**Short web captions**
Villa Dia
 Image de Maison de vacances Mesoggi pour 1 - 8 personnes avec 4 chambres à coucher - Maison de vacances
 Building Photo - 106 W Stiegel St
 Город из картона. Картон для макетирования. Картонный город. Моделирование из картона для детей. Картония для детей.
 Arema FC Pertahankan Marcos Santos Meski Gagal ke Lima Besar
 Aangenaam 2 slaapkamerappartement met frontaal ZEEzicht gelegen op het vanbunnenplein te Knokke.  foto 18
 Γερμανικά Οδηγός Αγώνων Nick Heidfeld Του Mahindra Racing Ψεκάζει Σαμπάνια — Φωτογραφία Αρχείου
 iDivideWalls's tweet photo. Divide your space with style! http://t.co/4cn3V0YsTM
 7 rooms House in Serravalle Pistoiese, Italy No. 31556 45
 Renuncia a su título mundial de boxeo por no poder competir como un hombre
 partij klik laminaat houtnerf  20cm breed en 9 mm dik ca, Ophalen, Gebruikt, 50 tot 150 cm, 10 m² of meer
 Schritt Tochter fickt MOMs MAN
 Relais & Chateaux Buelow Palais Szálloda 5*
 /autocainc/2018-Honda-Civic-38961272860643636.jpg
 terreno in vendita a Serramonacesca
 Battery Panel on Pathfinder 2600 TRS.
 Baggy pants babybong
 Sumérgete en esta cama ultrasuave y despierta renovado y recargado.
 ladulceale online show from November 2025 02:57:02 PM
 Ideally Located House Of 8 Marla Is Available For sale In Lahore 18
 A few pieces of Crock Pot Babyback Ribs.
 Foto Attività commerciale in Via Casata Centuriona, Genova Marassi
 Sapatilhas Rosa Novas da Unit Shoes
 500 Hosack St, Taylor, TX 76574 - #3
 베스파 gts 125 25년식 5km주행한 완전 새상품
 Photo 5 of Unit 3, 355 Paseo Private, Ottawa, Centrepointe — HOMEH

**Directions**
Give back exactly the lines from the first line of the records through the line holding "Γερμανικά Οδηγός Αγώνων", including both of those lines and leaving out all others.

**Output for this exercise**
Villa Dia
 Image de Maison de vacances Mesoggi pour 1 - 8 personnes avec 4 chambres à coucher - Maison de vacances
 Building Photo - 106 W Stiegel St
 Город из картона. Картон для макетирования. Картонный город. Моделирование из картона для детей. Картония для детей.
 Arema FC Pertahankan Marcos Santos Meski Gagal ke Lima Besar
 Aangenaam 2 slaapkamerappartement met frontaal ZEEzicht gelegen op het vanbunnenplein te Knokke.  foto 18
 Γερμανικά Οδηγός Αγώνων Nick Heidfeld Του Mahindra Racing Ψεκάζει Σαμπάνια — Φωτογραφία Αρχείου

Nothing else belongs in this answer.